We have implemented changes to address intermittent timeouts or hang ups some customers experienced connecting to Automated VM testing services. We are monitoring our services to ensure full functionality; Please reach out to support@saucelabs.com if you need assistance.
2020-April-27 Service Incident
Incident Report for Sauce Labs US West Data Center
Postmortem

Dates:

Monday April 27 13:15 - 14:02 PDT

What happened:

Our dashboard and REST API were not responding and users were unable to login. Sauce Connect Tunnels were down.

Why it happened:

In the process of decommissioning legacy Redis in-memory storage data clusters, a misconfiguration of our REST API surfaced when the final Redis node was shut down.

How we fixed it:

We redeployed the REST API services with the proper configuration to ensure it was referencing the new Redis cluster.

What we are doing to prevent it from happening again:

We have implemented a new policy that requires approval by a four-member committee prior to decommissioning any production service. The people required for a service turn down are a systems engineer, a network engineer, a software engineer (from the team that owns the service in question) and a software lead/manager (from the team that owns the service in question). We are also implementing a new network traffic review of any production service before it is turned down. We will run all production traffic to source, determine if it is required or not, and if it should be swung to a new location prior to decommissioning.

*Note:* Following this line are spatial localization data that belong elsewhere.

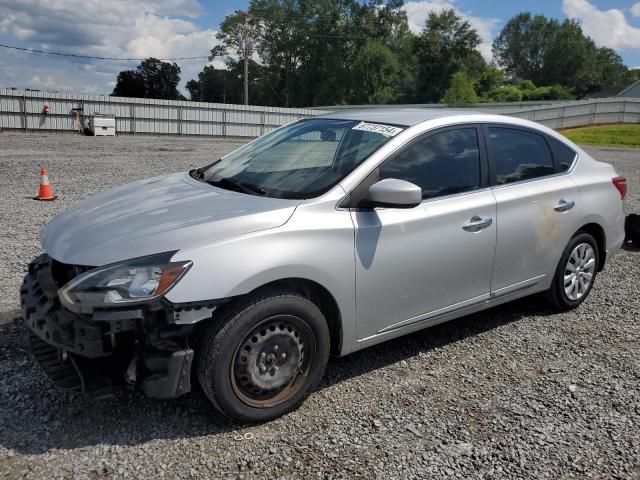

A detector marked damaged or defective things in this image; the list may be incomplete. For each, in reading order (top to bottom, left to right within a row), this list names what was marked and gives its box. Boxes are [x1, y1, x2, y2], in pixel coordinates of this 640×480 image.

damaged front bumper area [20, 255, 212, 398]
exposed front wheel [198, 288, 330, 420]
exposed front wheel [548, 233, 596, 312] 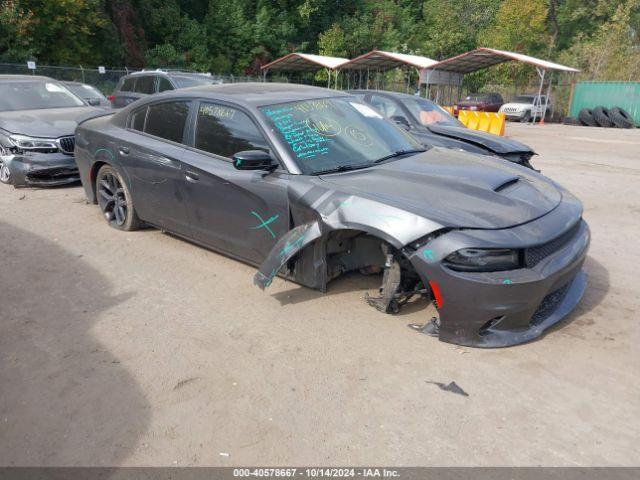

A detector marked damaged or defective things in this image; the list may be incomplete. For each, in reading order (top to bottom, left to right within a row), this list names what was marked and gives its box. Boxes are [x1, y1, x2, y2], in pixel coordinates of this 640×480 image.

front end damage [0, 152, 79, 188]
damaged gray sedan [75, 84, 592, 346]
front end damage [254, 186, 592, 346] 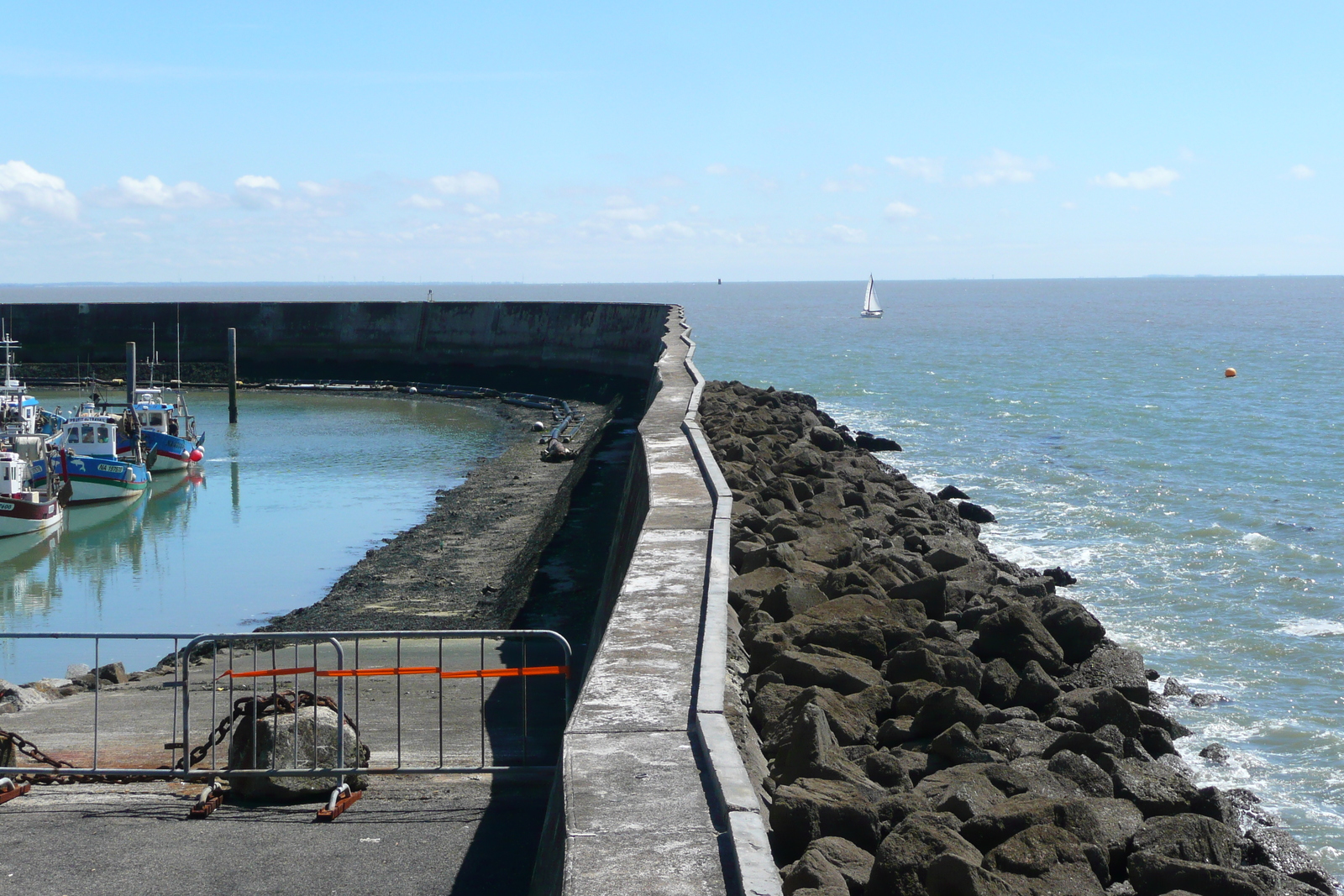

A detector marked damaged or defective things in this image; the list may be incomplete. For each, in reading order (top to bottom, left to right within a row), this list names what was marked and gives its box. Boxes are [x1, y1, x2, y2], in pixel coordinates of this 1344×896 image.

Finally, we will be terminating all services via firewall rules and instituting a hold for 24 hours prior to fully decommissioning the services, enabling a rapid return to services in the event something is missed.

Posted Apr 29, 2020 - 09:43 PDT

Resolved
Dashboard, REST API and Sauce Connect tunnels have recovered.
All services are now fully operational.
Posted Apr 27, 2020 - 14:02 PDT
Update
We are taking remedial action. Sauce Connect tunnels and REST API are recovering.
We continue to investigate.
Posted Apr 27, 2020 - 13:52 PDT
Investigating
Our dashboard and REST API are not responding and failing to login.
Sauce Connect tunnels are not starting.
We are investigating.
Posted Apr 27, 2020 - 13:15 PDT
This incident affected: REST API (REST API VMs), Sauce Connect (Sauce Connect VM), Web Interface (Sauce UI, Analytics), and Manual Testing (Manual VM Testing).